On the other hand, TIM-3 has galectin-9 as a ligand and suppresses the activation of effector T-cells mediated by ligand-receptor interaction [16–18]. Clinical studies have reported that the level of expression of TIM-3 in renal cell carcinoma and head and neck cancer exhibits a negative correlation to prognosis [45, 46]. In our study, we found no correlation between TIM-3 expression and the therapeutic efficacy of NAC. TIM-3 is a molecule that contributes to the suppression of T-cell function synergistically with PD-1, and simply activating antitumor immunity by lowering TIM-3 expression alone may not improve the tumor immune microenvironment. Moreover, OX-40 is a member of the TNF receptor superfamily, and is expressed by activated T-cells, NK cells, and Tregs [19–21]. It has been reported in studies using a mouse model that administration of an anti-OX-40 agonistic antibody enabled rejection of fully established tumors [41]. In our study, however, we found no correlation between OX-40 expression and therapeutic efficacy of NAC. Under the assumption that no potent antitumor effect will be obtained with anti-OX-40 agonistic antibody monotherapy, a search is now underway in basic study for a combination therapy with another drug [47]. In other words, in the case of OX-40 as well, this finding indicates that a clear improvement of the tumor immune microenvironment cannot be obtained clinically through modulation of OX-40 expression alone. In addition, no correlations between expression of LAG-3, TIM-3, and OX-40 were found in this study.

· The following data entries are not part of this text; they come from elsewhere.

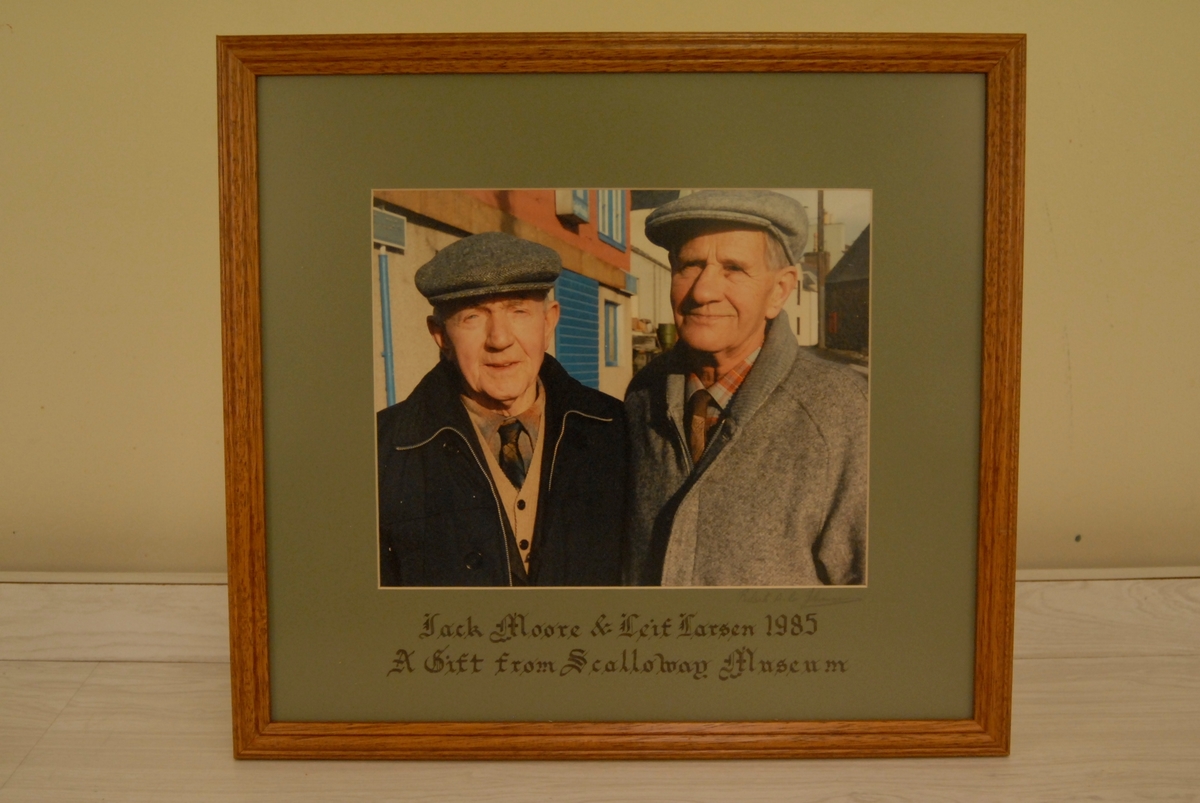 Dobbeltportrett av to eldre menn med sixpence, rutete skjorter og slips.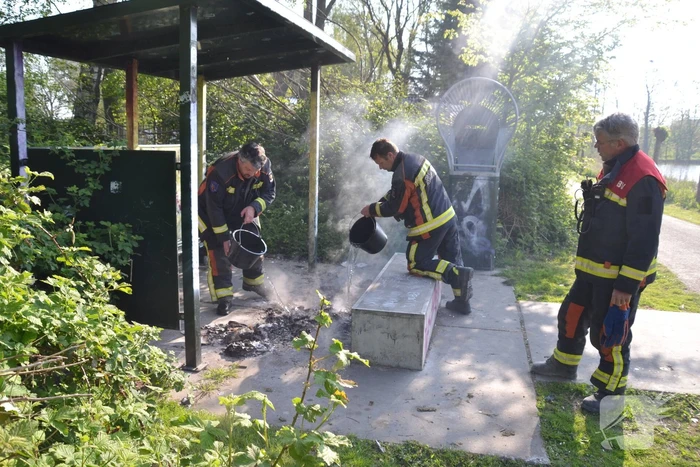 Straafafval geblust met emmers water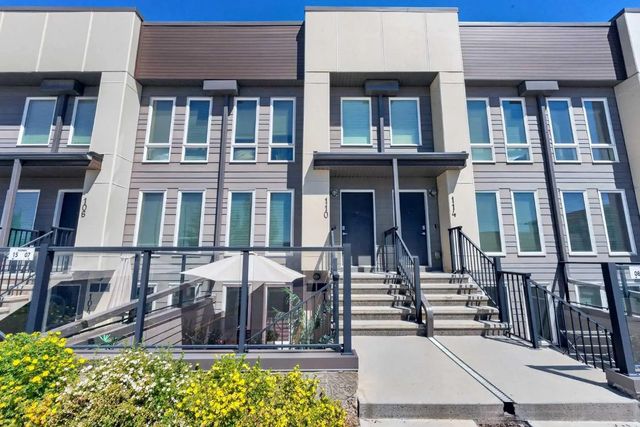 108 19500 37 Street Se, Calgary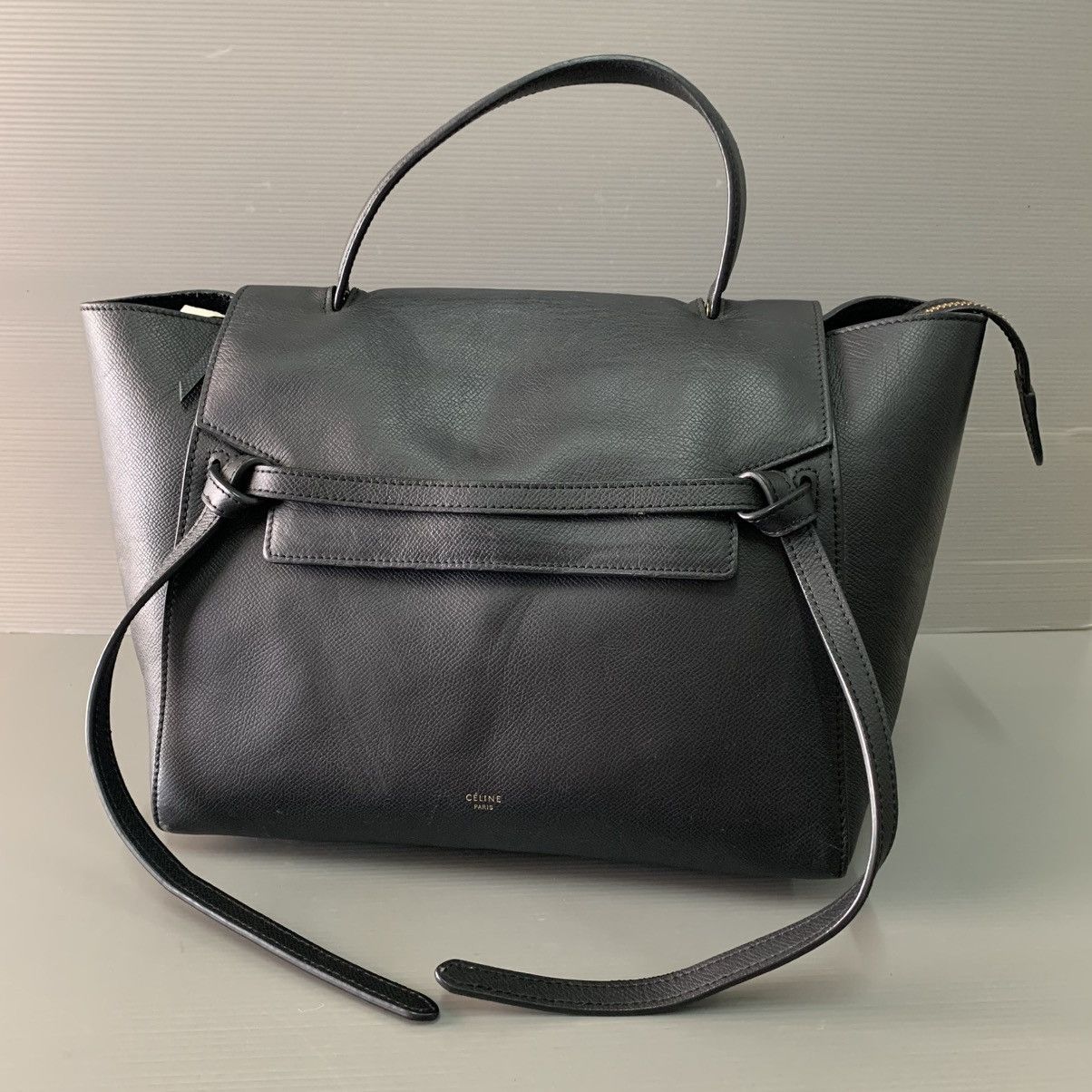 🔥‼️FAST SALE‼️🔥Authentic Celine Leather Handbag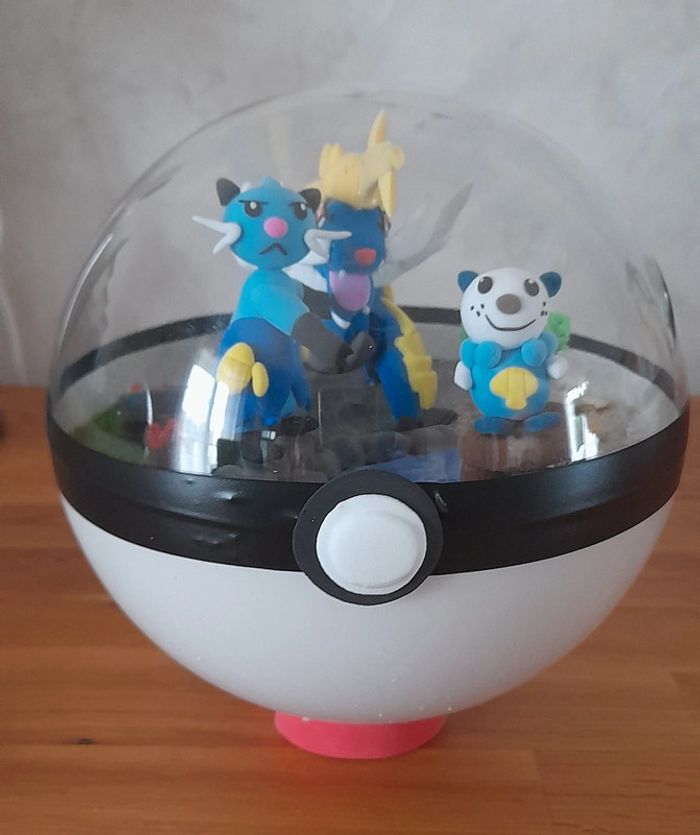 Boule pokemon évolution moustillon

In previous study, breast cancer was not considered as a cancer that develops as the result of an immune disorder [48]. Recently, however, breast cancer has come to be viewed as an immunogenic tumor, and the highly malignant subtypes TNBC and HER2BC have a high level of immune activity [49, 50]. We believe that in these highly malignant breast cancers the tumor immune microenvironment can be reliably monitored by TILs because of the high immune activity. In our study, when breast cancer was stratified by intrinsic subtype and TILs were evaluated, the groups with low-LAG expression in highly malignant breast cancers had a significantly higher pCR rate, but no significant difference was found for HRBC.